Question

Find the integral $\int\limits_0^2 {\left| {\left| {x - 1} \right| - x} \right|dx} $?

Answer 1

Hint: Before solving the question regenerate the limits because $\left| x \right|$ differs when $x \ge 0$ and $x < 0$.
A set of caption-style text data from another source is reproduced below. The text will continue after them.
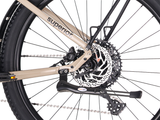 Superior eRX 6.4 LS 630Wh Gloss Stof
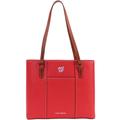 Women's Dooney & Bourke Washington Nationals Pebble Lexington Shopper Purse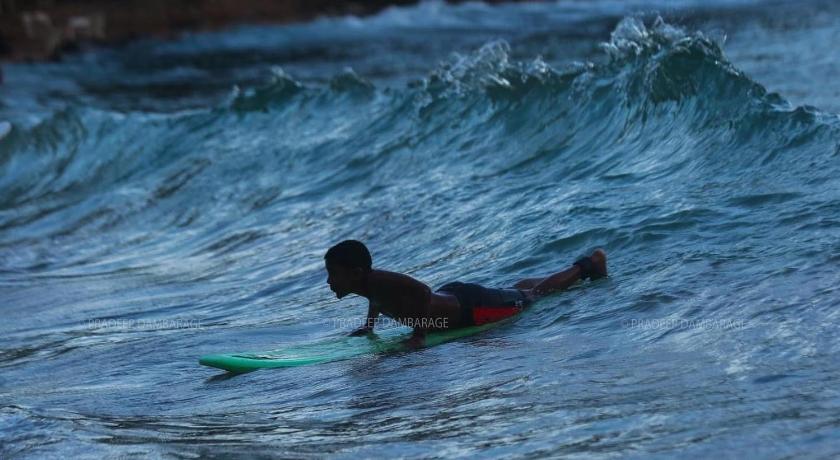Monkey Beach photo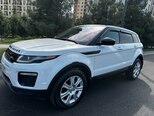 Land Rover RR Evoque-8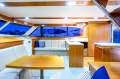 Maritimo M48 Series II 2011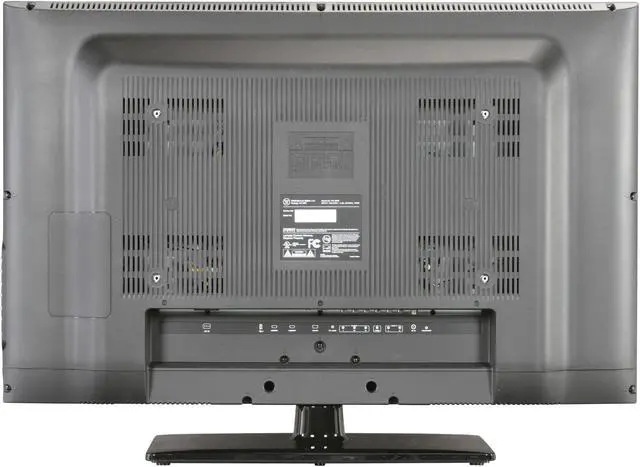 Alt view image 5 of 7 - Westinghouse 32" 1080p 60Hz LCD HDTV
Complete step by step solution:
$\int\limits_0^2 {\left| {\left| {x - 1} \right| - x} \right|dx} $
Splitting the Mod.
$\left| x \right| = \left\{ {\begin{array}{*{20}{c}}{x,x \ge 0}\\{ - x,x < 0}\end{array}} \right.$
Now For $\left| {x - 1} \right|$ ,
$\left| {x - 1} \right| = \left\{ {\begin{array}{*{20}{c}}{\left( {x - 1} \right),x - 1 \ge 0}\\{ - \left( {x - 1} \right),x - 1 < 0}\\{1 - x,x < 1}\end{array}} \right.$
By using the above breaking of the Mod we will be changing the Limits for the integration,
$\int\limits_0^2 {\left| {\left| {x - 1} \right| - x} \right|dx} $
$ = \int\limits_0^1 {\left| {1 - x - x} \right|dx + \int\limits_1^2 {\left| {x - 1 - x} \right|dx} } $
$ = \int\limits_0^1 {\left| {1 - 2x} \right|dx + \int\limits_1^2 {1.dx} } $
As, $\left| {1 - 2x} \right|$ is again a modulus function , Hence we will be breaking the mod for $\left| {1 - 2x} \right|$.
Which will be –
$\left| {1 - 2x} \right| = \left\{ {\begin{array}{*{20}{c}}{\left( {1 - 2x} \right),1 - 2x \ge 0}\\{ - \left( {1 - 2x} \right),x > \dfrac{1}{2}}\\{2x - 1}\end{array}} \right.$
Solving Further after breaking the mod $\left| {1 - 2x} \right|$
$\int\limits_0^{\frac{1}{2}} {1 - 2xdx + \int\limits_{\dfrac{1}{2}}^1 {2x - 1dx} } + {\left[ x \right]_1}^2$
$ = {\left[ x \right]_0}^{\frac{1}{2}} - 2{\left[ {\dfrac{{{x^2}}}{2}} \right]_0}^{\frac{1}{2}} + 2{\left[ {\dfrac{{{x^2}}}{2}} \right]_{\dfrac{1}{2}}}^1 - {\left[ x \right]_{\dfrac{1}{2}}}^1 + {\left[ x \right]^2}_1$
Now , Putting the limits.
$ = \dfrac{1}{2} - \dfrac{1}{4} + 1 - \dfrac{1}{4} - \dfrac{1}{2} + 1$
$ = 2 - \dfrac{1}{2}$
$ = \dfrac{3}{2}$

Hence the answer is $\dfrac{3}{2}$

Note: For such types of problems always split the modulus function and be very careful while changing the limits. If applying or changing limits is problematic for you, you can solve the integral up until the point when you need to replace the variable back in and use the existing limits.